К 100-летию рождения Н. Лескова — страница 3 из 4

5

И в самом деле: служение литературе в «интеллигентском» смысле слова, как это было у «людей сороковых годов», для Лескова было понятием чуждым. Он — совсем не типичный русский интеллигент; он — профессионал-артист, влюбленный в свое литературное дело, и именно поэтому так трудно было ему понять обрушившуюся на него критику шестидесятых годов, а критике этой, насквозь идеологической, не менее трудно было понять и примириться с этим чрезмерно бойким и задорным, чрезмерно игривым, чрезмерно речевым писателем — тем более, что он, раздраженный и нетерпеливый делал ошибку за ошибкой.

Лесковские романы шестидесятых годов (и многие из его статей этого времени) были ошибкой писателя, уверенного в себе и, вместе с тем растерявшегося. В своем натиске на литературу он чуть ли не собирался стать Чернышевским, Тургеневым и Островским вместе. Но природа и история сильнее воли отдельного человека, хотя бы и такой упорной, какой был наделен Лесков — и ему пришлось скоро повернуть туда, куда они вели его. С «Божедомов» (будущие «Соборяне») и «Плодомасовских карликов» начинается новый Лесков — Лесков хроник, сказов и «рассказов кстати», Лесков мозаист, стилизатор и антиквар.

И вот — Лесков семидесятых годов: знаток и любитель старых икон и рукописей, книжник, завсегдатай и приятель букинистов, которых он ценит и уважает больше, чем многих писателей, и легче с ними дружит, потому что чувствует в них собратьев по артистической любви к вещи, к старине, к слову, к книге. С «большой» — литературой, с толстыми журналами он почти порвал: он печатается в газетах («Русский Мир», «Гражданин», «Новости», «Новое Время», «Петербургская газета») и изредка — в «Русском Вестнике». В восьмидесятых годах его главный орган, кроме газет, — «Исторический Вестник». При его эстетической позиции это сотрудничество в газетах кажется парадоксальным, но оно совершенно закономерно. Он вовсе не «эстет»; наоборот — он, как я уже говорил, эстрадник, рассказчик, говорун. Поэтому он гораздо охотнее и легче, чем другие, идет к жанрам примитивным, иногда почти доходя до лубка. Он радуется, когда ему говорят, что его читать «весело». Вместе с Горбуновым и Лейкиным он подготовляет почву для Чехова. Его «Чертогон» или «Путешествие с нигилистом» — это уже почти Чехов, только еще слишком эксцентричный и «чрезмерный». У Чехова анекдот о путешествии с воображаемым нигилистом, который оказываетея прокурором, не был бы разукрашен «револьвером-барбосом», «бинамидом», «геральдическим козерогом», «allegro udiratto», «корневильскими корешками», «нахалкиканцем из-за Ташкенту» и пр. Это все — Лесковский филологизм, Лесковская игра со словом. Лесков — не эстет, а мастер славяно-фильской школы, отошедший от ее теорий, но возведший ее филологическую практику в художество.

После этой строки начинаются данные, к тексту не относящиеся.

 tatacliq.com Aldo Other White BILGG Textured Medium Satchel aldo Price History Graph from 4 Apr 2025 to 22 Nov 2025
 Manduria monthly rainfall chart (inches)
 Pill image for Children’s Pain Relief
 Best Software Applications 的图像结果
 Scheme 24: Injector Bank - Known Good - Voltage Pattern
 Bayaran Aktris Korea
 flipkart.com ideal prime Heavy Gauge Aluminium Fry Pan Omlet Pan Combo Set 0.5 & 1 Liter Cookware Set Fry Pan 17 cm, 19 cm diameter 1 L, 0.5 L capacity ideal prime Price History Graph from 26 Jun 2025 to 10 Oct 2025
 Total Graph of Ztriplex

Именно поэтому жанры «большой», идеологической литературы ему не удавались и для него не характерны. Его органический, наиболее типичный для него жанр — хроника, построенная по принципу нанизывания ряда приключений и происшествий на героя, который сам и рассказывает о них любопытствующим слушателям («Очарованный странник», «Смех и горе», «Заячий ремиз» и др.): нечто вроде старинных авантюрных романов, еще не имеющих сквозной фабулы. Основной элемент этого жанра, анекдот (большей частью — языковой), есть своего рода атом в природе лесковского творчества. Его присутствие и действие чувствуется повсюду. Некоторые его вещи (как хотя бы «Печерские антики») представляют собой, в сущности, собрание анекдотов, цепляющихся друг за друга.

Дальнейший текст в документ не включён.